### TASK REQUIREMENTS
Below are entries. Reproduce exactly the lines between the line holding "Ga wandelen Alert" and the line holding "----- De stappenteller", inclusive, and only those.

### EXERCISE MATERIALS
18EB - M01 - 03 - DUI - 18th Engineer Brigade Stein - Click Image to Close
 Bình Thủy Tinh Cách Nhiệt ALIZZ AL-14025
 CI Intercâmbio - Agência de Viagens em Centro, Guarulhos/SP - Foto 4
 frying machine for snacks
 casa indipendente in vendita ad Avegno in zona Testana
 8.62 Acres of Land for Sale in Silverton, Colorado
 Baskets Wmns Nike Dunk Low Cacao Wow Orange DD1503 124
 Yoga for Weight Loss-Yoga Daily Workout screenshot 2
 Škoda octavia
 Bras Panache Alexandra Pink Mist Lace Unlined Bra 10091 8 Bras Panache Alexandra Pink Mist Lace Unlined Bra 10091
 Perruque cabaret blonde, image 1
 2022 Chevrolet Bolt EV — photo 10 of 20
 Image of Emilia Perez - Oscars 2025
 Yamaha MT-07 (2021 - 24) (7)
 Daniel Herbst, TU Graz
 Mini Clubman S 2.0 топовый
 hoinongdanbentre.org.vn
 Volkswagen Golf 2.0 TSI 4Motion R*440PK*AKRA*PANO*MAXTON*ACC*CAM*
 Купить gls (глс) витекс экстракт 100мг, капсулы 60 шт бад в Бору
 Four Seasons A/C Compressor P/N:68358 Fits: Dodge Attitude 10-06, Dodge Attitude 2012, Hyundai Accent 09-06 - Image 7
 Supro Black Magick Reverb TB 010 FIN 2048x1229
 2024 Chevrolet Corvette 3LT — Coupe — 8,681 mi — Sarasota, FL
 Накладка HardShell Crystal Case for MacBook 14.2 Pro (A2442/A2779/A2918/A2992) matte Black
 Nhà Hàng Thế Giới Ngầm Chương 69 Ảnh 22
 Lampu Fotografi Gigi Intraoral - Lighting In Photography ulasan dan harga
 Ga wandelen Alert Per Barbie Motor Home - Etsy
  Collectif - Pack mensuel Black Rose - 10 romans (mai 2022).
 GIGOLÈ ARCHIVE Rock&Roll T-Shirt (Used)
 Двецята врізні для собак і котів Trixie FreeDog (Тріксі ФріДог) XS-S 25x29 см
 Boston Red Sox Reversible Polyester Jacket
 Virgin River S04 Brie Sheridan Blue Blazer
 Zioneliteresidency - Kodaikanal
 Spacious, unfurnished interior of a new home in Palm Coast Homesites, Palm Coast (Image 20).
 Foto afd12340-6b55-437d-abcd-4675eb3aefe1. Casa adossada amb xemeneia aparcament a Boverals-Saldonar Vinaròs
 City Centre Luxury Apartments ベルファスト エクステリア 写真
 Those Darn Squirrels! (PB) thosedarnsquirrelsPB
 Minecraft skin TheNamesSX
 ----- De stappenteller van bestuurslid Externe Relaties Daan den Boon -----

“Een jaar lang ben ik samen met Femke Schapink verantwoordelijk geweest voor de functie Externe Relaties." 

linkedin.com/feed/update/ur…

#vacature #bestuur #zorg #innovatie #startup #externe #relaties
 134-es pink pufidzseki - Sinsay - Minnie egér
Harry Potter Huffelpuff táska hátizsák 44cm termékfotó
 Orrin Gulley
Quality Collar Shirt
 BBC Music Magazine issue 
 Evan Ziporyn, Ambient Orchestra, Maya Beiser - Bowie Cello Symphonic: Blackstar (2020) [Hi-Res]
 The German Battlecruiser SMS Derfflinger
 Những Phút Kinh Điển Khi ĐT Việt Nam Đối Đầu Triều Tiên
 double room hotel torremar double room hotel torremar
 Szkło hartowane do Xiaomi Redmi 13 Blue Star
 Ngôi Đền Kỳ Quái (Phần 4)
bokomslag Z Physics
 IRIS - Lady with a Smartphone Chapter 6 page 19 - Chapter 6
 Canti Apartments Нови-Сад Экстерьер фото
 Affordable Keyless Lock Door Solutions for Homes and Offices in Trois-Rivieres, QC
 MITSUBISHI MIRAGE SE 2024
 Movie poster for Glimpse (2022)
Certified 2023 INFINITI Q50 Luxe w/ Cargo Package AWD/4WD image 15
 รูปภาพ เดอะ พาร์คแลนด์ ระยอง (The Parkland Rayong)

### OUTPUT BELOW
 Ga wandelen Alert Per Barbie Motor Home - Etsy
  Collectif - Pack mensuel Black Rose - 10 romans (mai 2022).
 GIGOLÈ ARCHIVE Rock&Roll T-Shirt (Used)
 Двецята врізні для собак і котів Trixie FreeDog (Тріксі ФріДог) XS-S 25x29 см
 Boston Red Sox Reversible Polyester Jacket
 Virgin River S04 Brie Sheridan Blue Blazer
 Zioneliteresidency - Kodaikanal
 Spacious, unfurnished interior of a new home in Palm Coast Homesites, Palm Coast (Image 20).
 Foto afd12340-6b55-437d-abcd-4675eb3aefe1. Casa adossada amb xemeneia aparcament a Boverals-Saldonar Vinaròs
 City Centre Luxury Apartments ベルファスト エクステリア 写真
 Those Darn Squirrels! (PB) thosedarnsquirrelsPB
 Minecraft skin TheNamesSX
 ----- De stappenteller van bestuurslid Externe Relaties Daan den Boon -----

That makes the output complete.